As people who wish to stand within the tradition of Jesus the Christ and
his ambassador, Paul, how are we then to be in the world? For people within the apostle Paul tradition,
people of loyalty to Jesus as Anointed, we need to be aware of Roman
behavior. Beware. Beware the name-callers. We learn over time that name-callers are
calling people “marauding Gauls” or “terrorists” as a prelude to institutional
or State-sanctioned, justified, and sacralized violence. Beware.
People of the Pauline tradition also know that the world is not to be
divided into saints and sinners, the righteous and the infidel, the Sons of God
who can justify their violence from above to quell the rebel violence from
below. Salvation is a refusal to see the world in
these binaries. And we look for
salvation among the outsiders who refuses to see themselves as other. We begin to see them as angels in the
architecture. These angels in the
architecture are people who sees the world as one, join in common cause, make mutual
ministry. It is Malala, the Muslim girl
who refuses to see herself as “other” to say that women should not be excluded
from the table of education. With a
heart the size of God’s heart she says, “I don’t want revenge on the
Taliban. I want education for the sons
and daughters of the Taliban.”[5] It is Malcolm X who returned from his
pilgrimage to Mecca to understand the world as one and threatened even the
powers within his faith who wished the sanctification of violence to continue.[6] It is Muhammad Ali who knew that if he
registered for the draft he would never be sent to Viet Nam but become a poster
child as a celebrity-athlete for the war in Viet Nam[7],
he refused to see himself as separate, apart.
Why
should they ask me to put on a uniform and go 10,000 miles from home and drop
bombs and bullets on Brown people in Vietnam while so-called Negro people in
Louisville are treated like dogs and denied simple human rights? No I’m not
going 10,000 miles from home to help murder and burn another poor nation simply
to continue the domination of white slave masters of the darker people the
world over. This is the day when such evils must come to an end. I have been
warned that to take such a stand would cost me millions of dollars. But I have
said it once and I will say it again. The real enemy of my people is here. I
will not disgrace my religion, my people or myself by becoming a tool to
enslave those who are fighting for their own justice, freedom and equality.[8]

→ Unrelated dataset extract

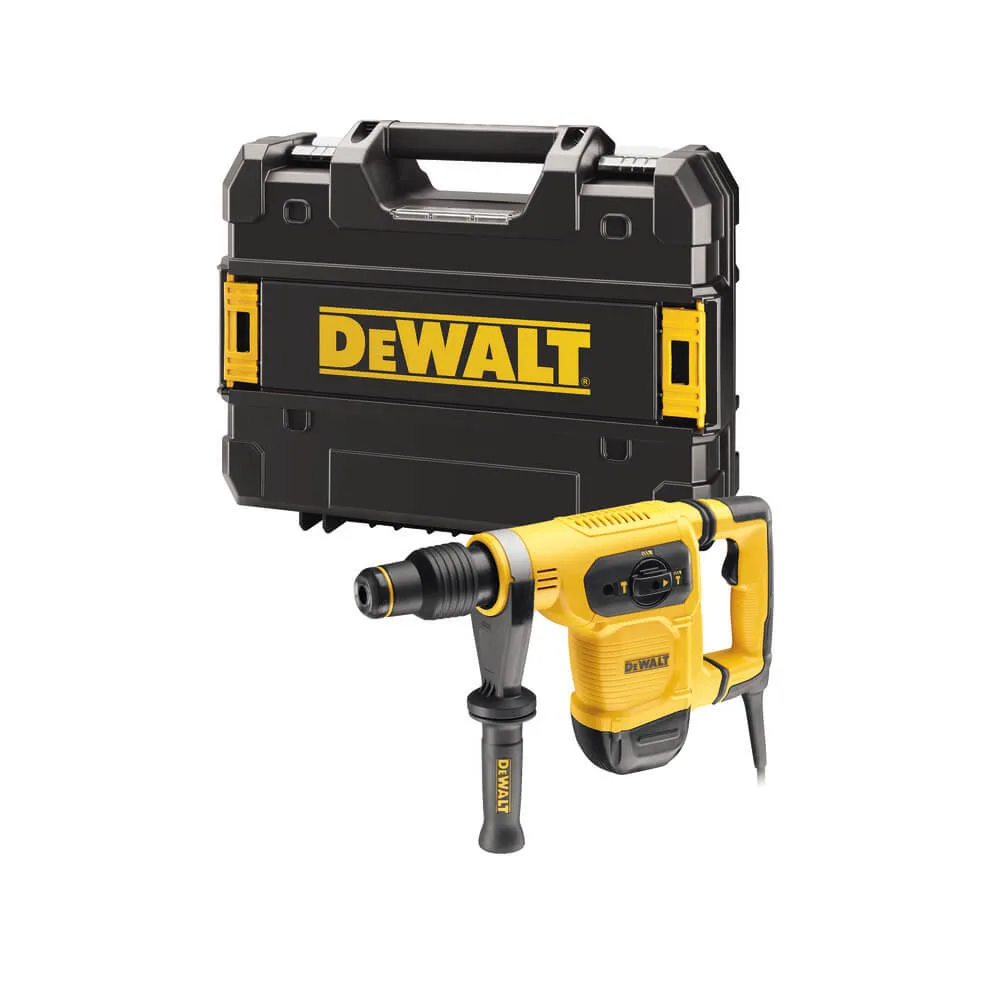 Перфоратор мережевий SDS-MAX DeWALT D25481K — фото 2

As sports columnist Dave Zirin
said, Ali was not just for peace, he was against empire. It is Yusuf Islam, one of the pallbearers
at Ali’s funeral, formerly known as Cat Stevens, who took us back to a time
when we were all one, to remind us when
morning had broken.
As people of Paul’s religious tradition, our task is not to beat back
Rome so that we might declare ourselves the new insiders. Rather, we are to say that the dichotomies of
winners and losers, civilized and barbarian, clean and unclean, sinner and
saint, hold no value in the arms of a God who seeks our peace and
well-being. We cast our lot with those
found outside Rome’s walls, along its shores, lying outside its borders to
remember the faith of our Anointed, the Christ, who found common cause among
the sinner, the forgotten, the misshapen, and the vanquished, even to the point
of his death on a cross. As he hung from
that cross, he drew the curtain back for a criminal to tell him that God’s
paradise was wide and broad and more expansive than he could ever imagine.
I depend on that faith to
be true knowing that I am too often found giving lip service to the gospel of
Christ and serving the gospel of Rome.
Next week we listen to the body of Paul’s letter where we come front and
center with that baptismal formula:
neither Jew nor Greek, slave nor free, male nor female in serving Jesus
Christ.
I am hesitant to share it with you.
Living in the midst of Rome, you might think it nonsensical and
archaic. Or . . .you might just hear the
world-transforming news for the first time, take it as your own, and begin to
see people who are not like you in ethnicity, culture, or religion, economic
and social status, sexuality or gender, as . . .your neighbor. And if or when you do, may the scales fall
from your eyes so that you see the wide, broad, and expansive arms of God as
She welcomes you home.
In the Muslim tradition, it is the season of Ramadan, a time when Muslim
people all over the world fast to remember their common lot with the poor and
hurting of the world. They break their
fast at the end of the season by inviting everyone around the table for a huge
feast, a reminder that we are all one in our fasting and feasting. As Jesus the Christ taught us, these are our
neighbors. We are one. Praise God.
Amen.
[1] Brigitte Kahl, Galatians
Re-Imagined: Reading with the Eyes of the Vanquished (Minneapolis: Fortress Press,
2010), pp. 62, 65.
[2]
Ibid, p. 74.
[3]
Ibid, p. 215.
[4]
Audre Lorde, “History Is a Weapon,” 1979, http://www.historyisaweapon.com/defcon1/lordedismantle.html.
[5]
Ashley Fantz, “Malala at U.N.: The Taliban failed to silence us,” CNN, July 12, 2013. http://www.cnn.com/2013/07/12/world/united-nations-malala/.
[6]
Pierre Tristam, “Malcolm X in Mecca: When
Malcolm Embraced True Islam and Abandoned Racial Separatism,” about.com, December 26, 2015. http://middleeast.about.com/od/religionsectarianism/a/me080220b.htm.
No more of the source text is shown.